Making Patterns in Illustrator

Today I used my scanned drawings to create patterns in Illustrator.

First I opened a new document with my scanned image pasted onto it. By using the ‘Image Trace’ tool you can remove the background and enhance the lines of your drawing. Once you have done this click ‘Expand’ which is in the top toolbar.

Next I opened a new document and pasted the new version of the drawing into it. By playing around with scales and angles using the transform tool, and changing the colour using the fill tool you can create something that is quite different to the original drawing. Another interesting technique is to layer up line drawings and play around with the opacity of each layer.

Once you create an arrangement you are happy with, select ‘Object > Pattern > Make’. This will open up options of the type of pattern arrangement you want (grid, half drop etc) and once this is up you are able to add/remove parts and move things around until you create a pattern you are happy with.

These tools are extremely useful to create a seamless pattern that looks professional. It enables you to experiment with different arrangements and colours until it looks perfect.

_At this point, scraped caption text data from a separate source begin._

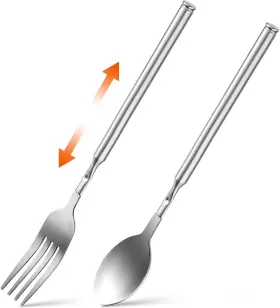 Xn2zurztz 635822 1 Extendable Fork Spoon 2pcs Stainless Steel Long Extending Extended Bbq Tele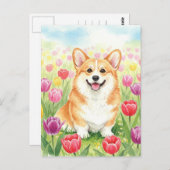Schattigee Corgi in Tulpen Briefkaart (Voorkant / Achterkant)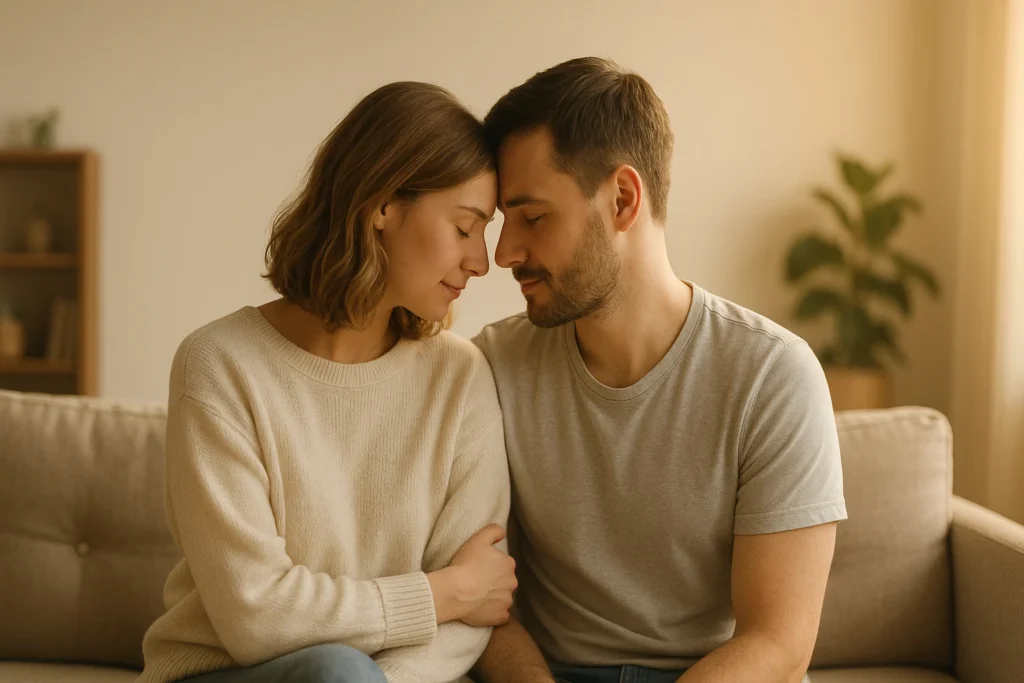Intimate couple embracing on sofa in warm morning light – intimacy exercises for couples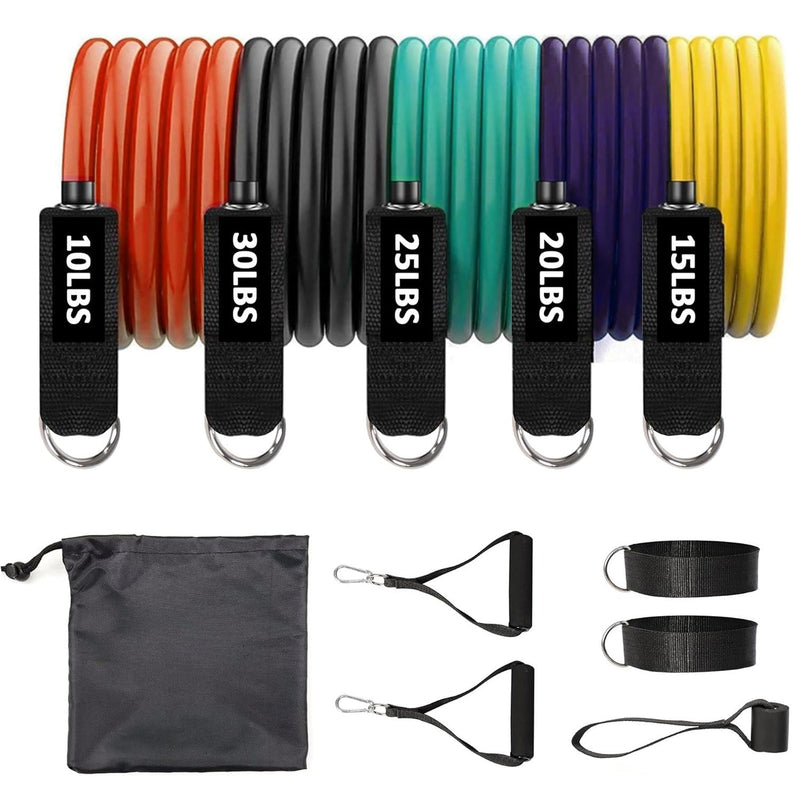 11 Pack Pull Up Resistance Bands Set with with Handles, Ankle Straps, Door Anchor Natural Rubber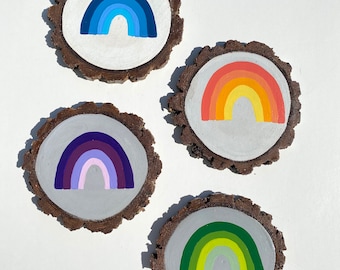 Hand painted wood coasters // rainbow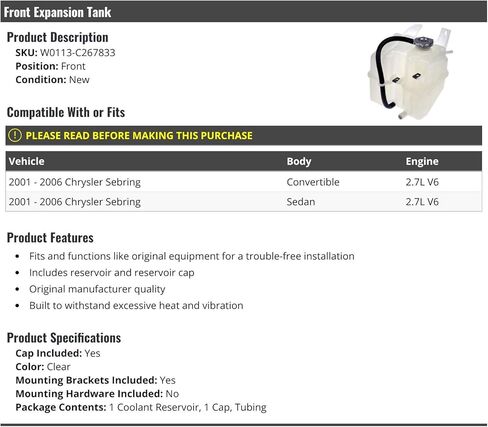 Marketplace Auto Parts Front Coolant Expansion Tank with Cap - Compatible with 2001-2006 Chrysler Sebring 2.7L V6 in Kuwait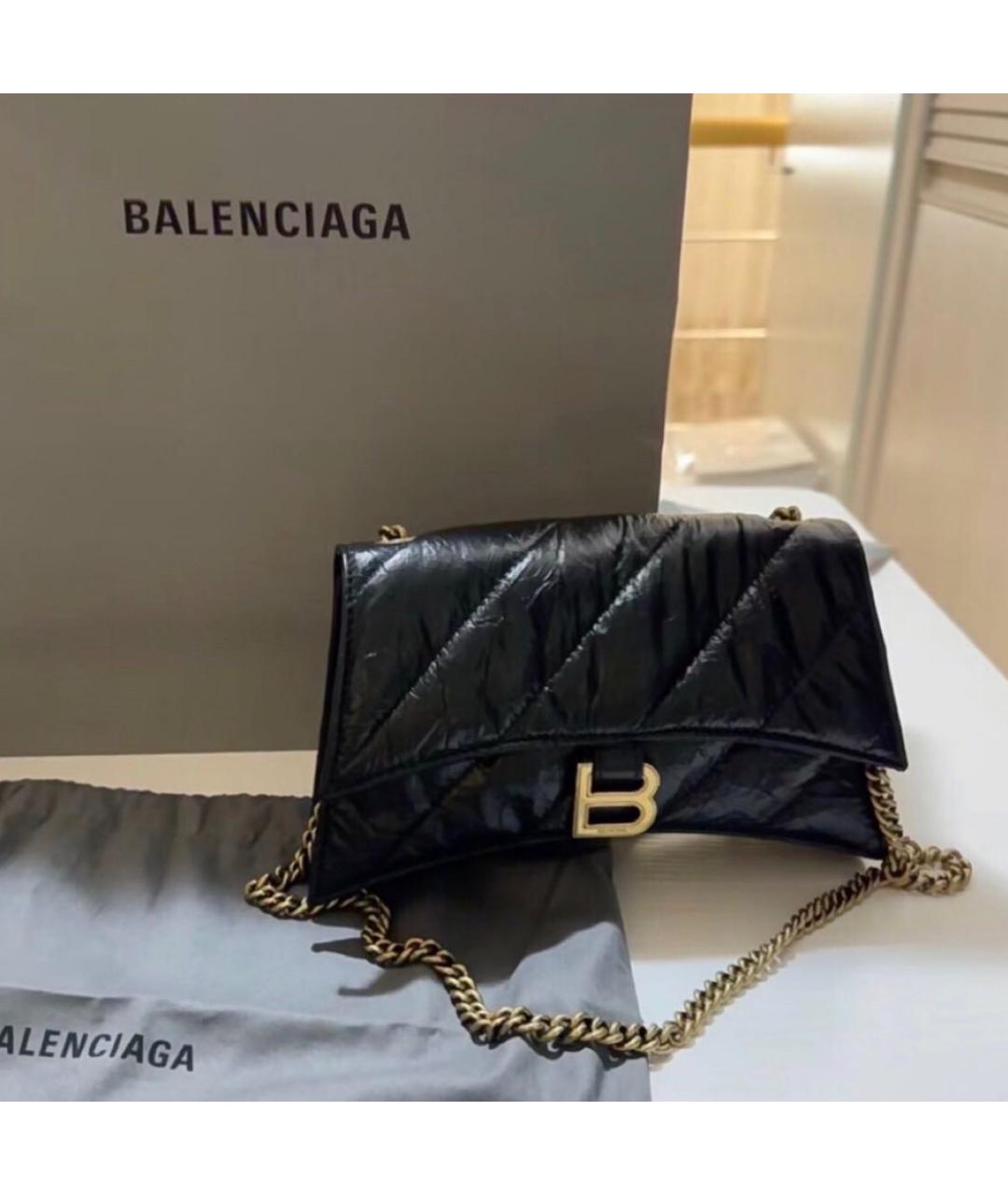 BALENCIAGA Черная кожаная сумка через плечо, фото 4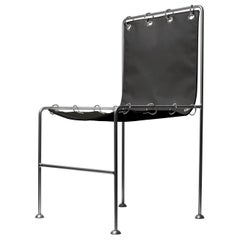 Post-Modern Black Leather Institutional Chair by Panorammma
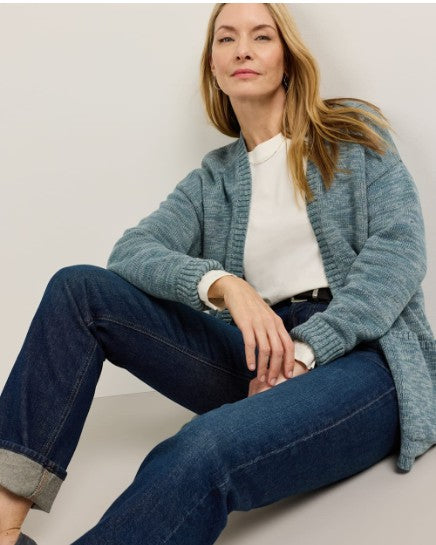 WOMEN'S SIERRA SPRINGS COTTON CARDIGAN<br>SEA BLUE MIX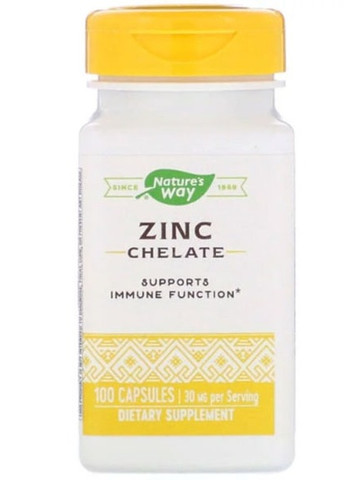 Zinc Chelate 30 mg 100 Caps NWY-41091 Nature's Way (257252245)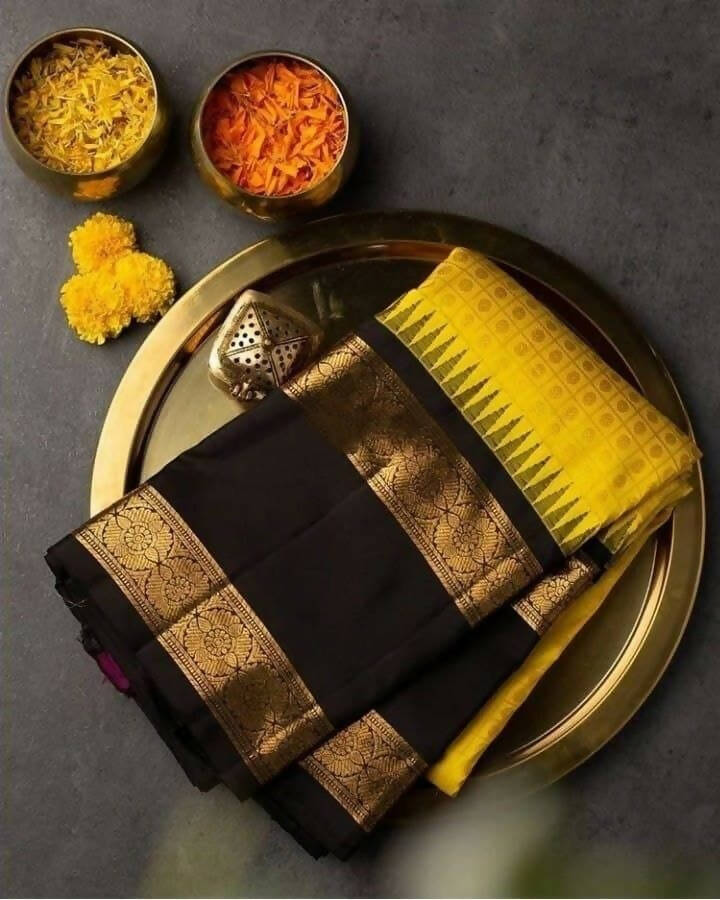DEIANA'S Beautiful Designer Golden zari Soft Lichi Silk Saree - Yellow - Swadesiicart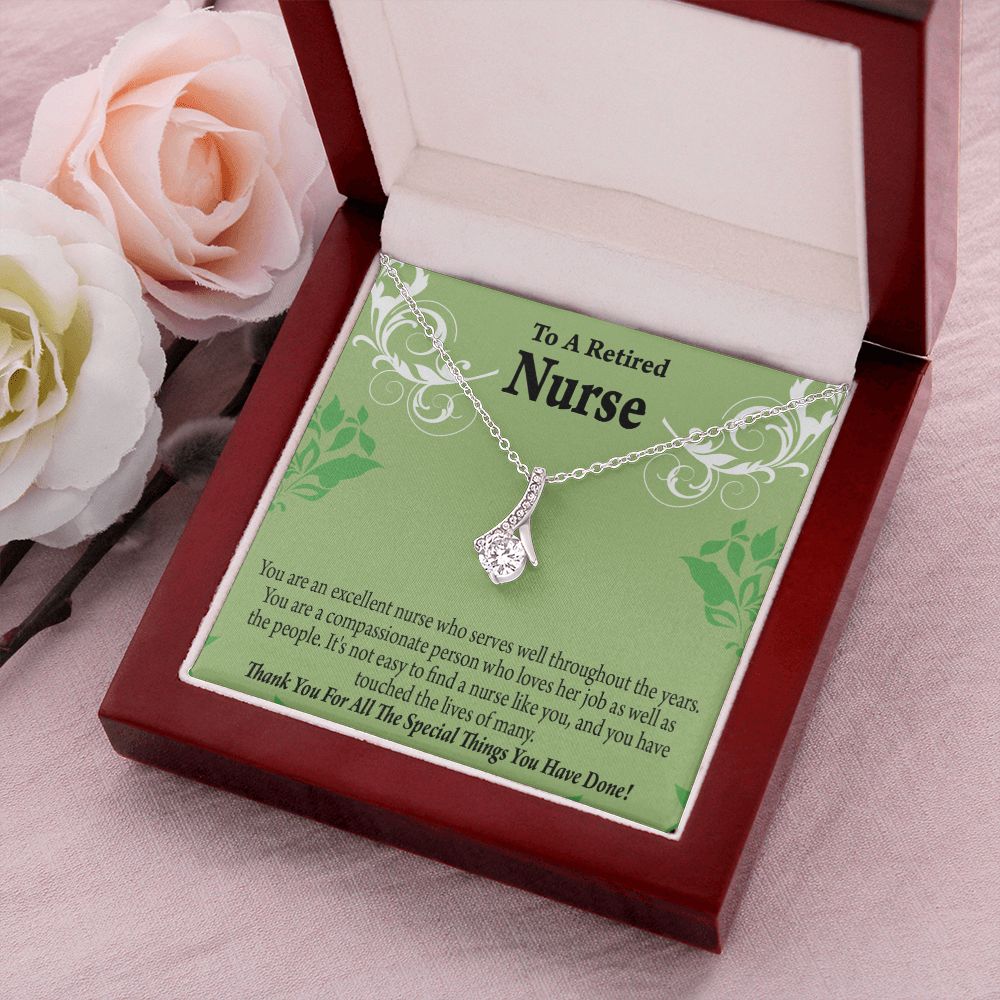 Retired Nurse Thank You Alluring Ribbon Necklace-Express Your Love Gifts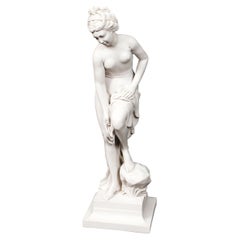 Vintage Composite Marble Sculpture Classical Maiden Late 20th C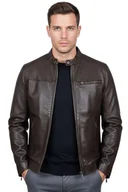 Kurtki męskie - Kurtka męska skórzana Lee Cooper Basile brązowa-XL - miniaturka - grafika 1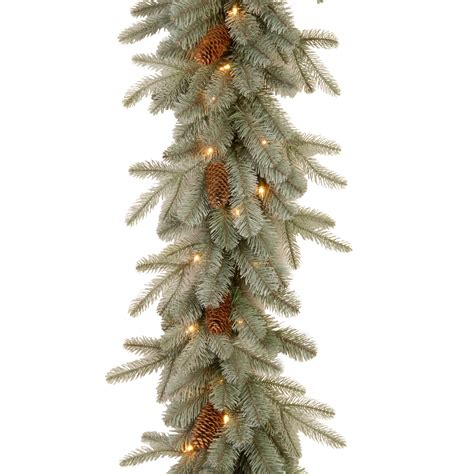 National Tree Co Feel Real Frosted Arctic Spruce Pre Lit Garland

Photoshop – Filling a Shape With an Image

Today I was playing around on Photoshop and was trying to think of a way to add a new element to my designs. When I was generating imagery to scan into the computer, I did a few watercolour textures using my colour palette. I thought it would be interesting to see if I could fill a shape I had drawn on Photoshop with a watercolour texture rather than a solid colour. This would add some interest and depth to my designs.

After looking online I found the best method to do this.

Step 1: Use the magic wand tool to select the inside of the shape and fill with solid black.

Step 2: Paste the image of a watercolour texture onto the same document.

Step 3: Make sure the layer of the watercolour texture is ABOVE the layer for the black shape. Right click on the watercolour texture layer and select ‘Create Clipping Mask’. This will fill only the inside of the black shape with the watercolour texture.

Step 4: Use the Transform tool (Ctrl/Cmd T) to move around the watercolour texture until the placement is correct. Then merge the two layers together.

Colour in Design

In this session Lucy talked to us about the importance of colour in design work. When designing, you need to consider: materials used, production process, surface patterns and colour. In a shop, you have 3 seconds to gain a customer’s attention, then 30 seconds to keep their attention. Colour is important to gain the customer’s attention!

When choosing a colour palette consider: the aesthetics of the collection, the intended season and the sensation you want to create for the customer.

HUE – What colour something is.

CHROMA – Purity or intensity of colour.

SATURATION – The strength or weakness of a hue.

VALUE – How light or dark a colour is.

TONE –  Adding grey to a pure hue.

SHADE – Adding black to a pure hue.

TINT – Adding white to a pure hue.

 

Different colours can portray different themes. For example:

Blue – calm, sad, responsible

Green – nature, harmony, peaceful

Orange – energy, happy, creative

Yellow – cheery, optimistic, joy

White – purity, cleanliness, virtue

So, if you are given a brief from a brand, first you must consider the brands personality and then consider your colours.

Colours can have completely different meanings to everyone (eg. red: love or anger) so this must be considered especially for a global market.

 

MONOCHROMATIC – Single base hue with added tints or tones.

ANALOGOUS – Groups of 3 colours that are next to eachother on the colour wheel.

COMPLEMENTARY – Colours on opposite sides of the colour wheel.

SPLIT COMPLEMENTARY – Using the two colours either side of the complementary colour on the wheel.

TRIADIC – Using every fourth colour on the colour wheel.

 

When creating artwork on Photoshop or Illustrator ensure your colours are set to:

-RGB if your artwork is going to be viewed on a screen

-CMYK or PANTONE if your artwork is going to be printed

To view the PANTONE colours open the swatch library, select ‘colour books’ and then ‘PANTONE SOLID’

Rotation Tool Illustrator

Today we were shown how to create flowers on Illustrator using the Rotate Tool. I used this method but experimented with different shapes to petals and tried different rotation points. This creates endless possibilities. I really enjoyed this method and hope to use it in one of my final designs.

Step 1: Draw the shape you want to rotate and select it.

Step 2: Click on the rotate tool (left hand tool panel). Hold down the ‘Alt’ key while clicking on the point you want to rotate the shape around.

Step 3: A menu will pop up, enter a number that is a division of 360 degrees. The larger the number the bigger the gap between each rotated shape. Click on the copy button, then keep pressing Cmd/Ctrl D until the shape is repeated into a full circle.

Here are some designs I produced using this technique. I then made them into a repeat patterns using Object > Pattern > Make.